The National Association of Home Builders, one of the largest lobbying organizations in Washington, is arguing that the proposed building codes amount to an unfair and unnecessary increase on the cost of buying a home. Jerry Howard, NAHB’s chief executive, “adamantly opposes” efforts by Sens. Rob Portman (R-Ohio) and Jeanne Shaheen (D-N.H.) to require the Energy Department set targets for new homes and commercial buildings to stop wasting energy. “We don’t think that the Department of Energy should be coming in on top of state and local energy regulations and telling [them] how homes need to be built in their jurisdiction,” he said.
The bill, which binds together 50 energy-related proposals from both Democrats and Republicans, represents the best chance for major energy legislation to pass the Senate during the current congressional term. Shaheen blames the home builders for scuttling efforts to pass new building codes into law. “This special interest group should not be allowed to derail meaningful bipartisan action on energy efficiency in Congress,” she said.
Senate Energy and Natural Resources Committee Chair Lisa Murkowski (R-Alaska) said she decided to take out the building codes from her package with ranking member Joe Manchin III (W.Va.) out of concern it could tank the bill. “The subject of building codes has been controversial for a long time,” she said, though a similar provision was included in an energy package that passed the Senate in 2016. “At the end of the day, I decided I would take it out, knowing there would be opportunity for an amendment.”
The latest spat between home developers and energy efficiency advocates may now spill onto the Senate floor, as lawmakers prepare to debate whether to insert the building codes provision into the broader energy bill.
The package includes several provisions from a bill put forward by Portman and Shaheen, including measures to expand the Energy Department’s efforts to help manufacturers reduce energy waste and to train workers.

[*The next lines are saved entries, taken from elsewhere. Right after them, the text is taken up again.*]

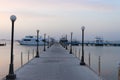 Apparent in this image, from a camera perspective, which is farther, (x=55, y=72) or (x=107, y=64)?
(x=107, y=64)

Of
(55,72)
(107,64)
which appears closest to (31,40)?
(107,64)

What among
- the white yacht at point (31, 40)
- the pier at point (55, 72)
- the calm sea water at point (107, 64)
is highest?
the white yacht at point (31, 40)

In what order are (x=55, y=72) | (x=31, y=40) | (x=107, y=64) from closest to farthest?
1. (x=55, y=72)
2. (x=107, y=64)
3. (x=31, y=40)

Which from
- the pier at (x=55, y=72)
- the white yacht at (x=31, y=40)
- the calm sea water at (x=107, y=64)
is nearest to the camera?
the pier at (x=55, y=72)

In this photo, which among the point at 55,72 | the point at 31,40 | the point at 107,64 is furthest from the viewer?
the point at 31,40

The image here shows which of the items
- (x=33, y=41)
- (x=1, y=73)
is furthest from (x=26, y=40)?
(x=1, y=73)

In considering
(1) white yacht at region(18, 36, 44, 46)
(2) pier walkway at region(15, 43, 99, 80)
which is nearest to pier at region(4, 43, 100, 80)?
(2) pier walkway at region(15, 43, 99, 80)

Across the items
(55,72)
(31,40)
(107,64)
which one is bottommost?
(107,64)

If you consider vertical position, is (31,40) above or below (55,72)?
above

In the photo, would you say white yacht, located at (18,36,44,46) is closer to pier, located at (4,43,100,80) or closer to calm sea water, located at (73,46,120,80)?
calm sea water, located at (73,46,120,80)

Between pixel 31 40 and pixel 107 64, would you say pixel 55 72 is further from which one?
pixel 31 40

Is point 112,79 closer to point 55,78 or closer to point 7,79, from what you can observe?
point 55,78

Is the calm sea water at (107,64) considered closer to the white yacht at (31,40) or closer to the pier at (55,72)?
the pier at (55,72)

But it left out the building codes provision that would have delivered the bulk of the Portman-Shaheen bill’s potential energy savings. The building code proposal was hailed by green groups such as the Environmental Defense Fund and business groups such as the U.S. Chamber of Commerce. The codes would not be mandatory unless states and municipalities decide to adopt them. Portman calls his proposal a “common-sense” approach that “will lower energy costs for American consumers and ensure that homes and buildings across America are built in a more energy efficient manner, not by mandates but by incentives.”